The United States Blockade of Cuba: Is Helms-Burton Legally Defensible?

Contact: Joan Dim
(212) 998-6849

For more information: Catherine Anderson at cla213@is.nyu.edu

a symposium sponsored by The Cuba Legal Studies Group at New York University School of Law

WEDNESDAY, JANUARY 26, 2000 5:30 – 9:00 PM NYU School of Law, Greenberg Lounge 40 Washington Square South, New York City

The Cuba Legal Studies Group at New York University School of Law will bring together legal scholars and public policy experts to participate in the ongoing international debate about the legitimacy of the continuing United States Embargo of Cuba. The panel participants will address the latest developments in the thirty-seven-year-old embargo, specifically the Helms-Burton Act.

Shortly after the downing of two American planes that had allegedly violated Cuban airspace in 1996, Congress passed the Helms-Burton Act. The Act strengthened the United States embargo of Cuba that had been in effect since 1962 and imposed new secondary boycotts on U.S. trading partners under Title IV of the Act. Mexico and Canada have condemned Title IV as a violation of Chapter 16 of the North American Free Trade Agreement (NAFTA). The foreign ministers of the European Union (EU) have also challenged the Act before the World Trade Organization (WTO).
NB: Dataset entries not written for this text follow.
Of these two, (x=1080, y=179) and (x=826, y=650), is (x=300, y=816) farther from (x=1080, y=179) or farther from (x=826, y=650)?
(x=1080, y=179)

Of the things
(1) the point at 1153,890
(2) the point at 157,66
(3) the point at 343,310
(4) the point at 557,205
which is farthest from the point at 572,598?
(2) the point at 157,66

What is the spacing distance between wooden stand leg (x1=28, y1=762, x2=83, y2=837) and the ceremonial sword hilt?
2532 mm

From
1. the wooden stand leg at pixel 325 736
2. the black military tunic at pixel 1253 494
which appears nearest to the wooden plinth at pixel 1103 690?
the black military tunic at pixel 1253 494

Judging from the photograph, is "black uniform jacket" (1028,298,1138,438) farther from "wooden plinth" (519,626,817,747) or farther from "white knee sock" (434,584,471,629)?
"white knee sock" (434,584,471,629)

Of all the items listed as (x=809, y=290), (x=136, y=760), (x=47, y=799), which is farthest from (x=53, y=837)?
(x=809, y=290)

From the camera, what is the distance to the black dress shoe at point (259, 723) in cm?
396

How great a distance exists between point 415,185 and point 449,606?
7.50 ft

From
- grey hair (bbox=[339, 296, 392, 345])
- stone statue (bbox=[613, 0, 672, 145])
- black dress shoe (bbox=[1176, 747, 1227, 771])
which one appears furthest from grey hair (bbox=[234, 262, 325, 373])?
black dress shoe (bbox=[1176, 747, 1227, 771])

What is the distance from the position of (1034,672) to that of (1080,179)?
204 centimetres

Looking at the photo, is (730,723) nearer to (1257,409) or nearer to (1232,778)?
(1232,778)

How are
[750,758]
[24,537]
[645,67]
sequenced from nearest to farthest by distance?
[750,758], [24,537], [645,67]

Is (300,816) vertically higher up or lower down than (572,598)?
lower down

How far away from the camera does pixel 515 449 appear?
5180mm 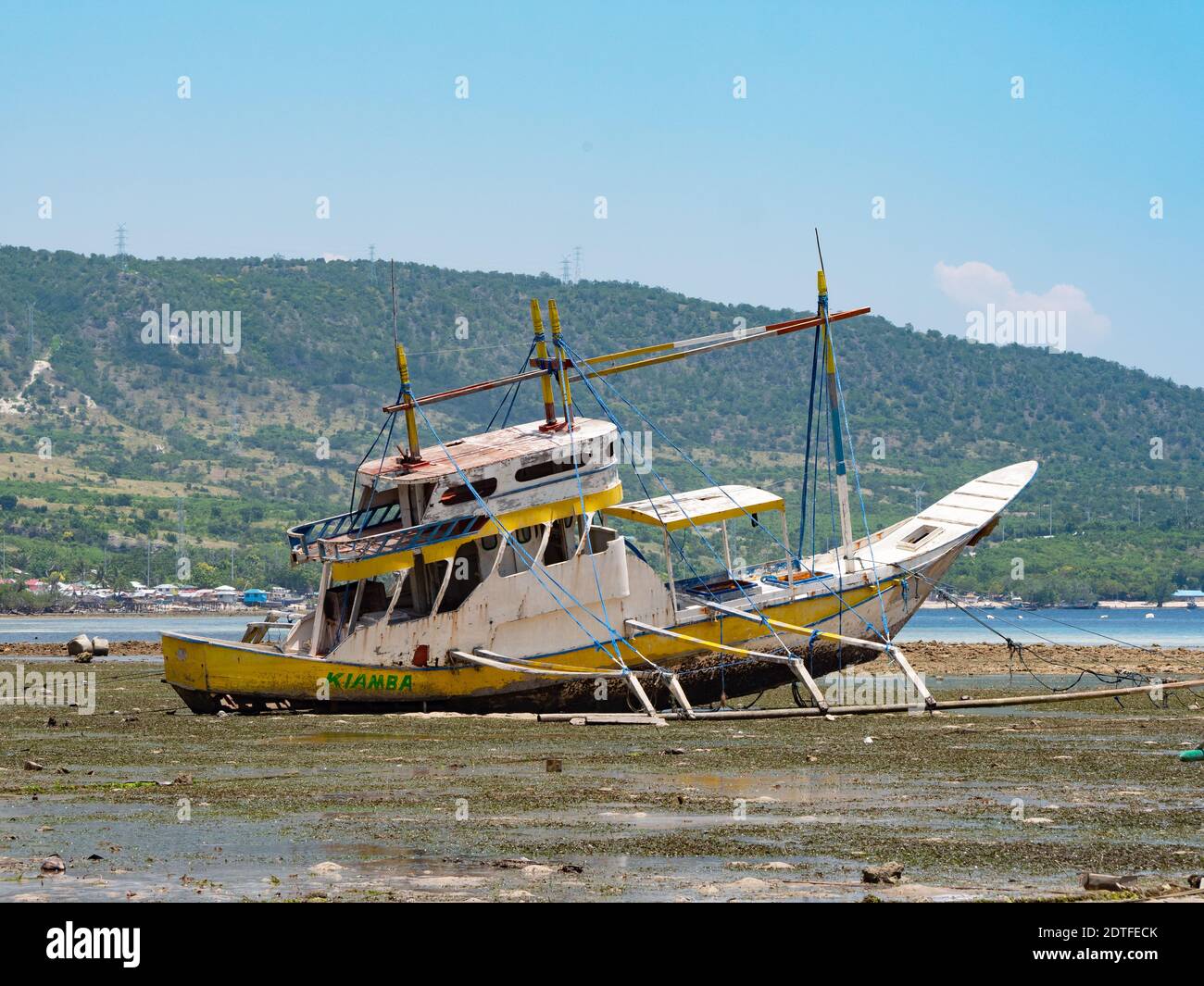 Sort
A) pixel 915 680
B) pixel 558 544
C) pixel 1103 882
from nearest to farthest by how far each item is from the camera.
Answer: pixel 1103 882, pixel 915 680, pixel 558 544

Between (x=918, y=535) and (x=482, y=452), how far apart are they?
405 inches

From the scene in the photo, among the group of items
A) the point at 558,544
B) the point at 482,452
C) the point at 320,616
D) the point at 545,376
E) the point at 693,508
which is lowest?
the point at 320,616

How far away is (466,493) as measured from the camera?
30141 mm

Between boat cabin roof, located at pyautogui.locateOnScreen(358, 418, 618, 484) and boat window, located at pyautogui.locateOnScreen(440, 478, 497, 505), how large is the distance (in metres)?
0.36

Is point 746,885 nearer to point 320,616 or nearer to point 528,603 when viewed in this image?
point 528,603

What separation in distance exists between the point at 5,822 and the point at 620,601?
1561 centimetres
Many international public law experts have criticized the Act as a violation of the customary rules of international law.

Panelists include experts on all sides of the issue: His Excellency Rafael Dausá Céspedes, Ambassador Extraordinary and Plenipotentiary Deputy Permanent Representative of Cuba to the United Nations; Brice M. Clagett, Esq., Partner, Covington & Burling, author of “Title III of the Helms-Burton Act is Consistent with International Law”; Sandra Levinson, Executive Director, Center for Cuban Studies, New York City; Michael Krinsky, Esq., Partner, Rabinowitz, Boudin, Standard, Krinsky & Lieberman, PC, a law firm representing Cuba; Terry Maroney, Esq., Director, Youth Project, Urban Justice Center, NYU School of Law, Class of 1998, and Co-founder of NYU’s Cuba Legal Studies Group; and Professor Carlos Rosenkrantz, University of Buenos Aires, Argentina, NYU School of Law, Global Law Faculty.

The symposium has been organized by NYU Law School’s Cuba Legal Studies Group (CLSG), an educational, non-partisan, student organization dedicated to the study of Cuban law and society. CLSG strives to create a forum for critical discussion and analysis of Cuba and U.S.-Cuba relations. For the past three years, CLSG has sponsored legal research trips by NYU Law students to Cuba where students have taken courses at the University of Havana Law School and observed a variety of Cuban Legal institutions.